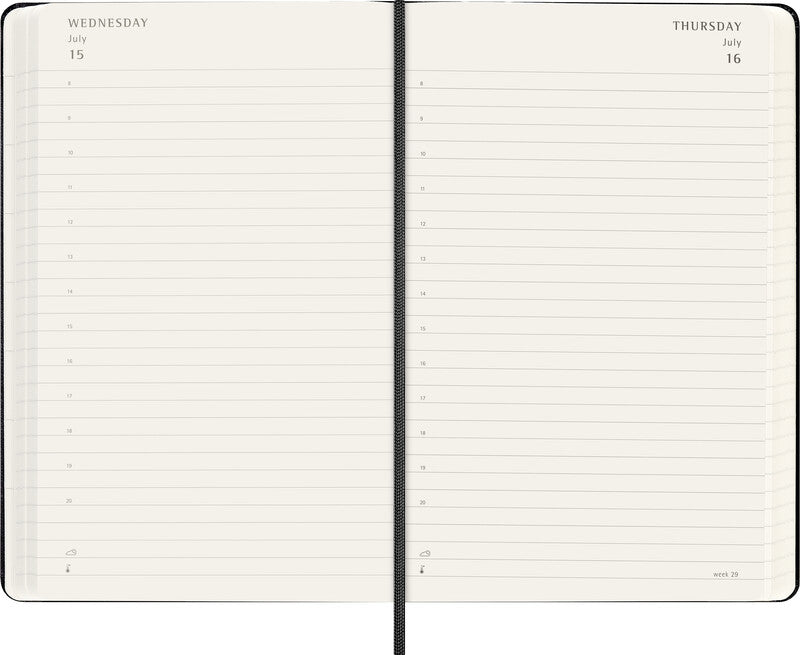 Moleskine Schüleragenda – 1 Tag pro Seite, gebunden, 13 × 21 cm, Aug–Jul, Englisch, Schwarz, FSC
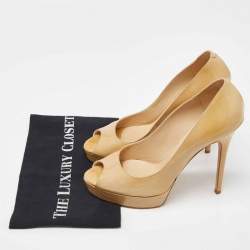 Jimmy Choo Beige Patent Leather Crown Peep Toe Pumps Size 40.5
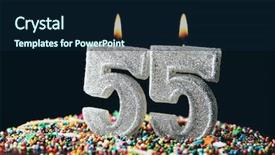  Presentation with birthday cake - Theme enhanced with birthday cake with burning candles background and a  colored foreground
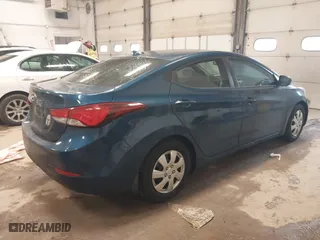 2016 Hyundai Elantra Value Edition with VIN KMHDH4AEXGU546024, listed as a IAAI auction lot 41956007 with 91,642 mi miles. Bid and sale history available at carsss.com. Image 4.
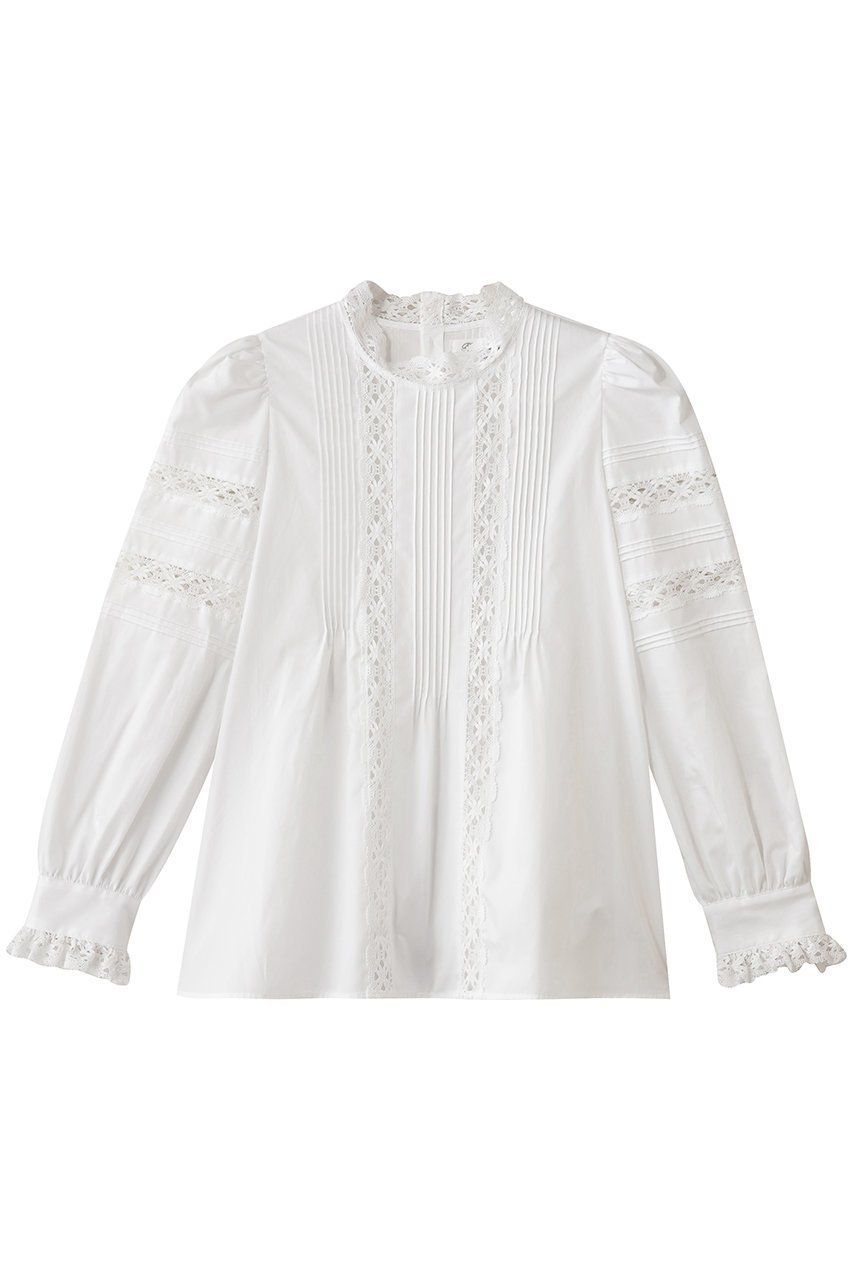 【ビリティス ディセッタン/Bilitis dix-sept ans】のレースハイネックブラウス インテリア・キッズ・メンズ・レディースファッション・服の通販 founy(ファニー) 　ファッション　Fashion　レディースファッション　Fashion for Women　トップス・カットソー　Cut & Sew Tops　シャツ・ブラウス・オフィスカジュアル　Elegant Blouses & Button-Ups　スラックス　Slacks, Dress Pants　スリーブ　Sleeve, Long Sleeve / Short Sleeve　デニム　Denim, Jeans Material　ハイネック　High Neck, Mock Neck　フェミニン　Feminine, Girly　フレア　Flare, Flared　レース　Lace, Lace Fabric　ロング　Long, Long-Length　ホワイト|ID: prp329100004878083 ipo3291000000036389953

┄┄┄┄┄┄

* WHAT TO DO
Within the listing above, extract exactly the lines that run from the one containing "Presentation with birthday" through the one containing "2016 Hyundai Elantra", excluding any pictures.

* TASK SOLUTION
  Presentation with birthday cake - Theme enhanced with birthday cake with burning candles background and a  colored foreground
 2016 Hyundai Elantra Value Edition with VIN KMHDH4AEXGU546024, listed as a IAAI auction lot 41956007 with 91,642 mi miles. Bid and sale history available at carsss.com. Image 4.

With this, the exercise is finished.